STUDY MATERIAL.
[Start of Attachment]

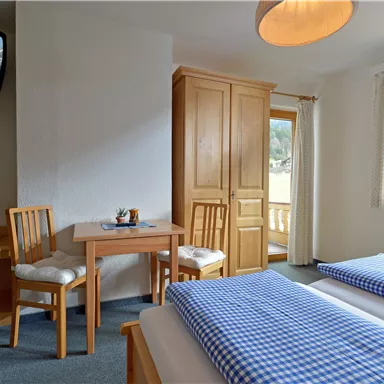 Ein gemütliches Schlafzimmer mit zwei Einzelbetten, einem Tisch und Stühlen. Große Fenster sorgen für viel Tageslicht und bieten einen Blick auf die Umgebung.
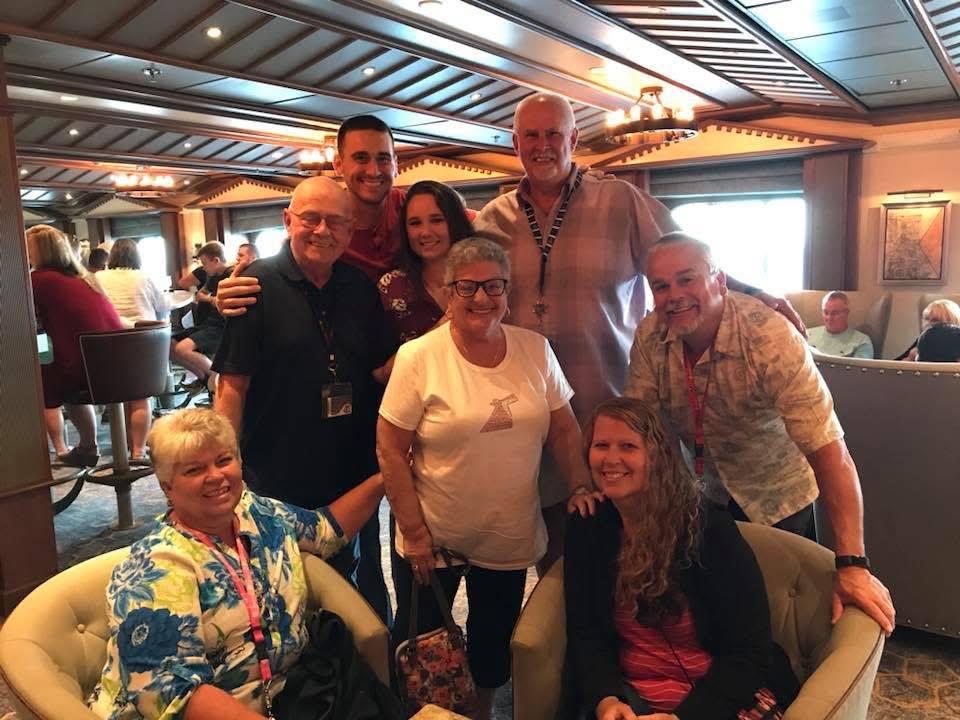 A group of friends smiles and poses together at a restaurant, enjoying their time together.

[End of Attachment]
[Start of Attachment]

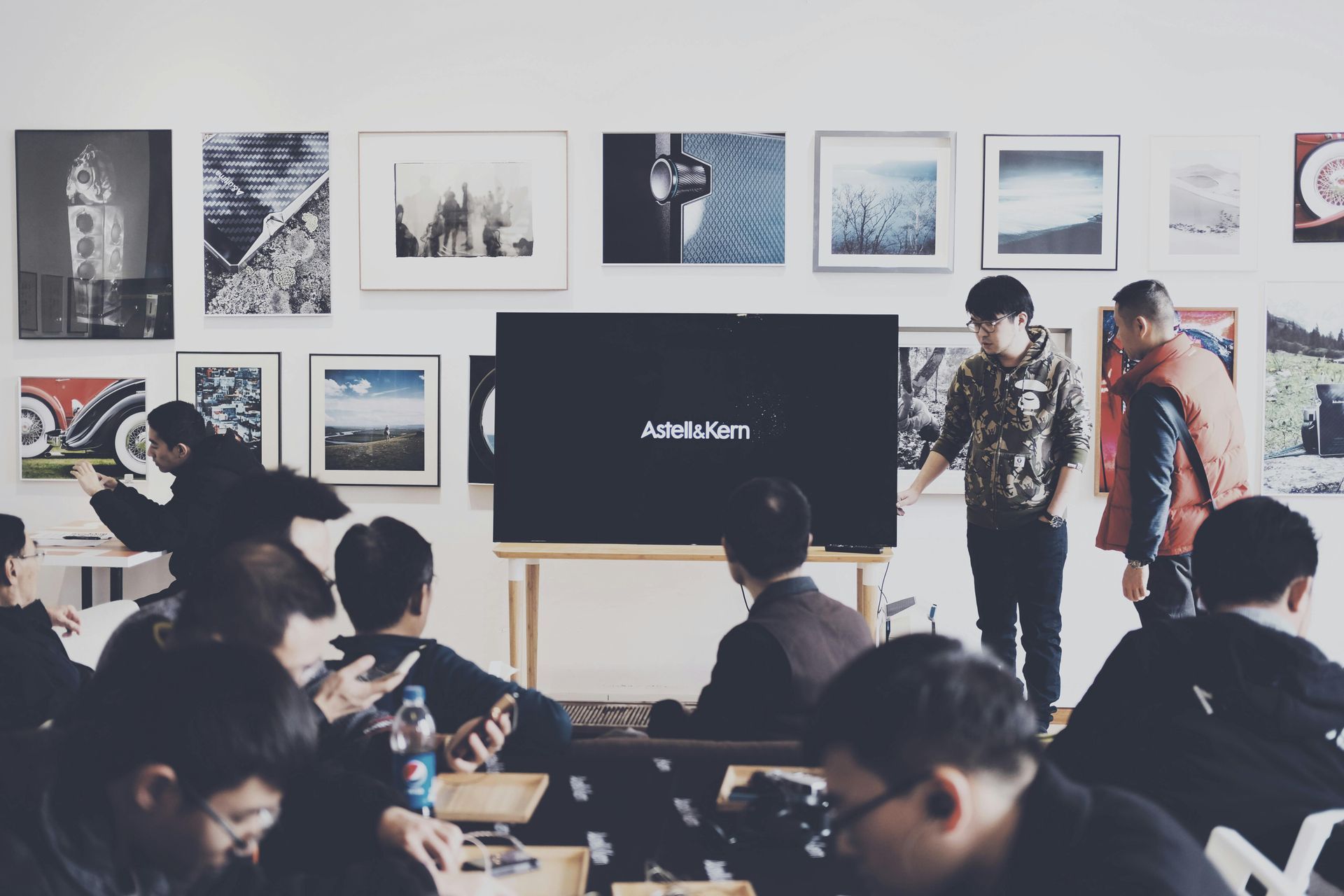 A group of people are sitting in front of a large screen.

[End of Attachment]

Above are the records; restate exactly the lines from the one containing "Ein gemütliches Schlafzimmer" through the one containing "A group of friends", keeping pictures out.

 Ein gemütliches Schlafzimmer mit zwei Einzelbetten, einem Tisch und Stühlen. Große Fenster sorgen für viel Tageslicht und bieten einen Blick auf die Umgebung.
 A group of friends smiles and poses together at a restaurant, enjoying their time together.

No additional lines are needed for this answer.